In other words, a playlist shouldn’t just be a random assortment of music you like: it should be a collection of songs that are together for a reason.

“When I see a good playlist, I can clearly understand that the curator behind it has a real understanding of the audience they’re trying to reach with it, and that there’s a clear vibe or intention behind the playlist itself,” she says.

“If it’s for me, what kind of emotion am I trying to evoke from this playlist?” she adds. “Is this a post-breakup playlist and I’m trying to be in my feelings? Or is this a playlist that’s intended to get me ready to go out?”

2. Envision where your playlist will be listened to

If understanding your audience is step one, step two is understanding the setting of your playlist.

Ohls gives the example of a friend who asked her to create a playlist for her to listen to while running a half marathon. Knowing what the playlist was for helped her determine what songs to pick, because she wanted to create a listening experience that was more active than passive.

In a playlist meant for passive listening, the order of the songs you select might not be as important as the overall vibe you’re trying to set. But over the course of a 13.1 mile run, the music needs to build.

Ohls knew that this playlist would be used as a motivator during the half marathon. She focused on the sequencing and the playlist arc to make sure that she wasn’t starting too strong.

“I knew she was gonna start the run at 6 a.m., so I started with some chiller tracks,” she says. “I needed to build a playlist arc that essentially started off a little slower and then built momentum as she was leading into crossing that finish line.”

Envisioning where your playlist will be listened to can help you make sure you curate one that will keep your listener engaged and stop them from switching to something else.

“When you can’t really tell the theme of the playlist, who it’s for and why it was created, I think it can be difficult to keep engaged as a listener,” she says.

3. Hook your listeners from the start

A great playlist can be kneecapped by placing the wrong songs up front. The opening songs of your playlist should be carefully selected to set the tone for the listener.

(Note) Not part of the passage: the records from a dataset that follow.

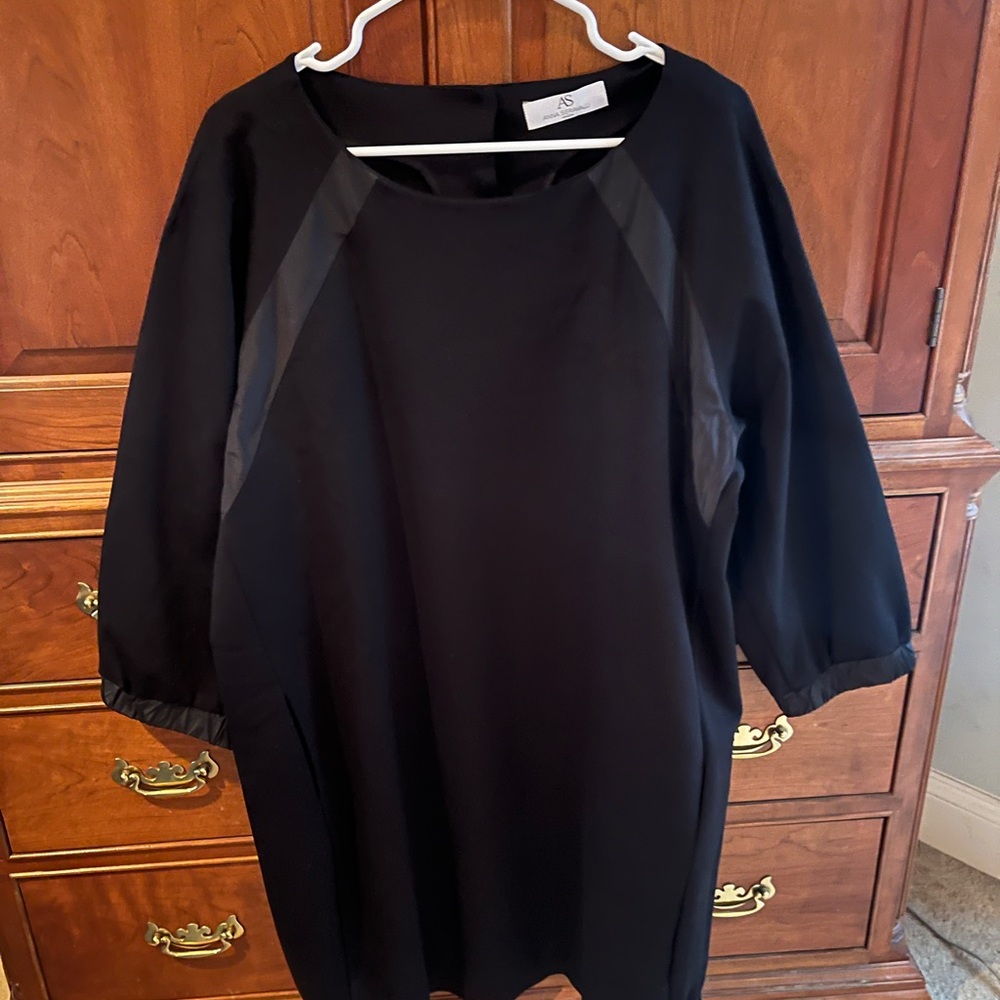 Elegant Black Dress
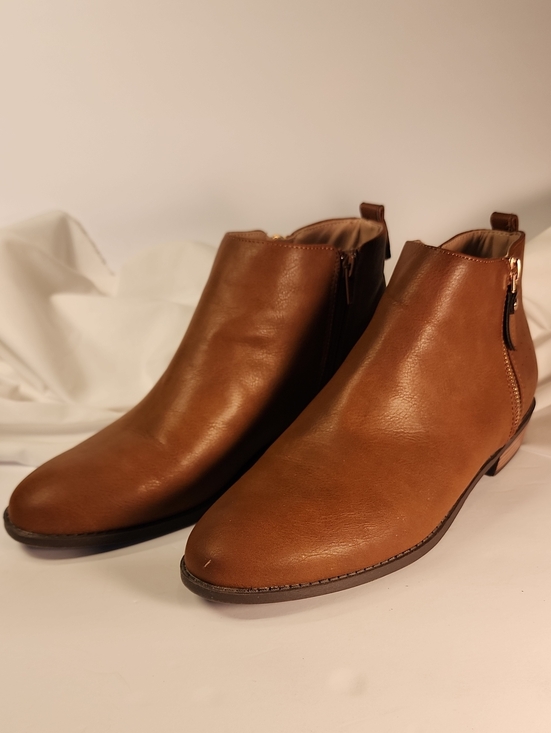 Macy's Shoes - Women's Brown Leather Ankle Boot With Side Zipper From Macy's Journee Collection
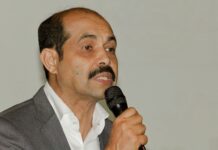 অনুমোদনহীন বিলবোর্ড, সাইনবোর্ড-ব্যানার অপসারণে উচ্ছেদ অভিযান শুরু: মেয়র আতিকুল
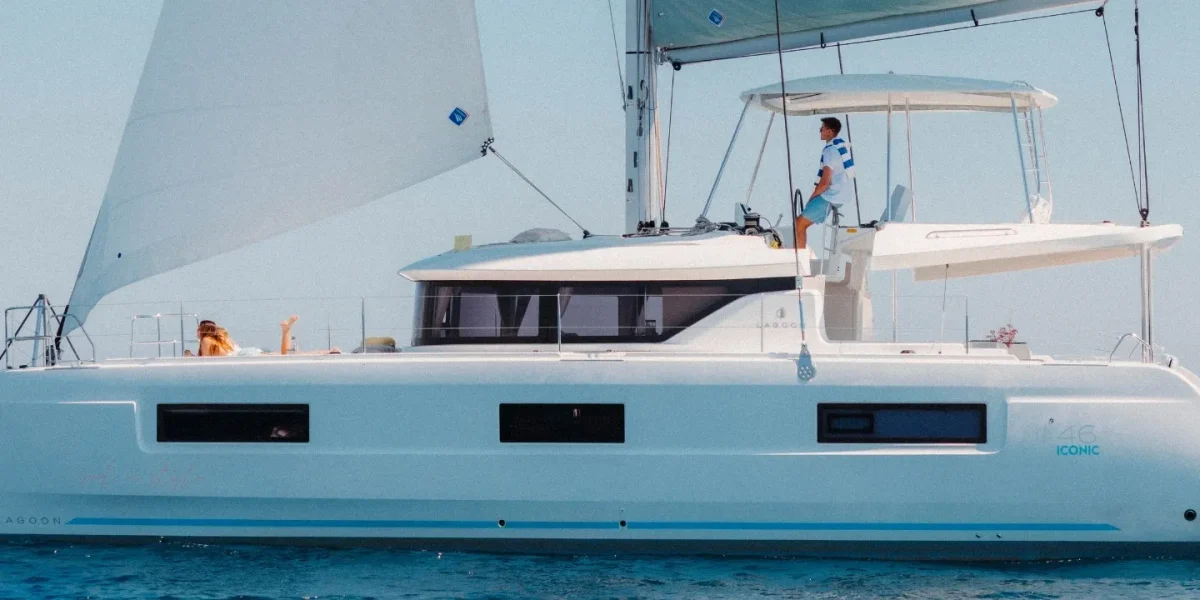 LAGOON-46-ICONIC-CATAMARANSBCN-30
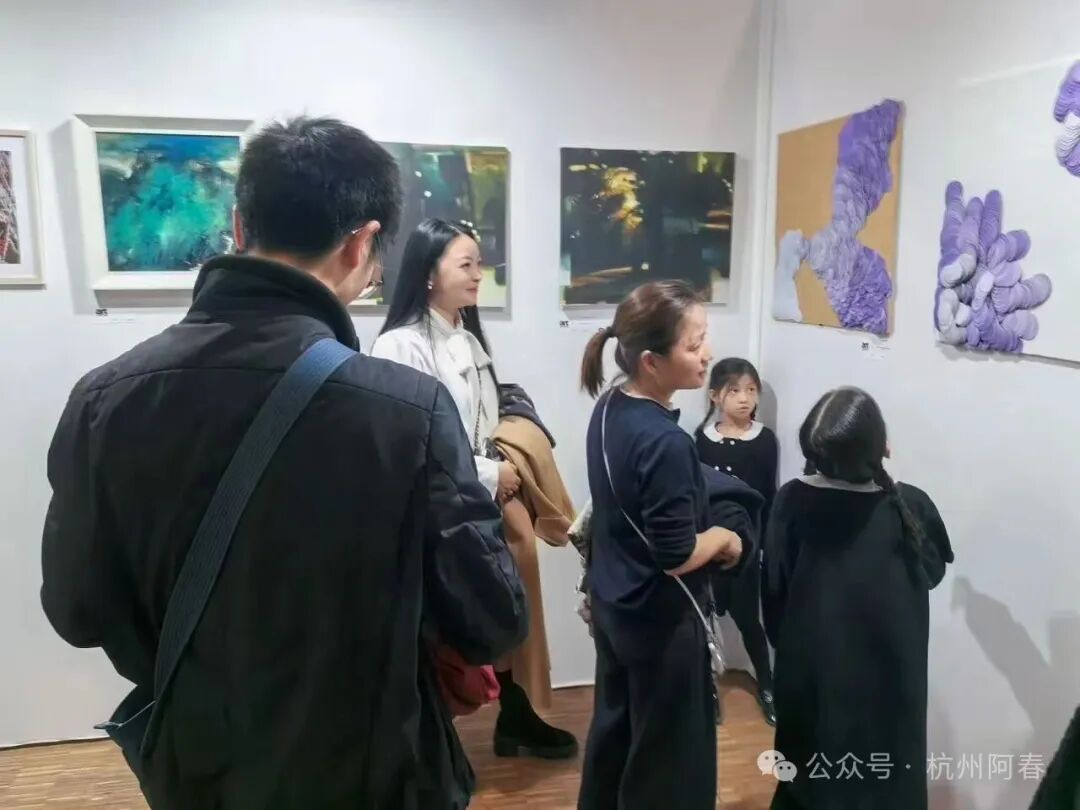 深趴藝術(shù)圈的那點(diǎn)事，為什么當(dāng)代藝術(shù)家傅素琴的龍鱗片會(huì)被法國(guó)盧浮宮收藏？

“I think considering what I call ‘hook songs’ at the beginning of a playlist, as well as throughout the playlist itself can be really important,” she says.

Hook songs are songs that you know your listener will be familiar with, or from an artist that they are familiar with. Use them to signal the theme and intention of your playlist to your listener.

“It also keeps them interested. It’s a nice delight for them,” she tells Make It. “Because it kind of indicates what the purpose of the playlist is, and they can engage with it in a way that’s a little bit more organic than when you’re surprising a listener with some discoveries throughout the place itself.”

And remember that before someone hits play on the carefully curated playlist you made, they’re going to judge it based on the title and artwork. These are just as important as the music you select in creating a playlist that your listeners will want to sink into.

“Keep in mind the name of the playlist and the artwork,” she says. “Really using every aspect of a playlist to communicate the vibe, the intention and the theme is going to be helpful in creating a playlist that really speaks to the listener.”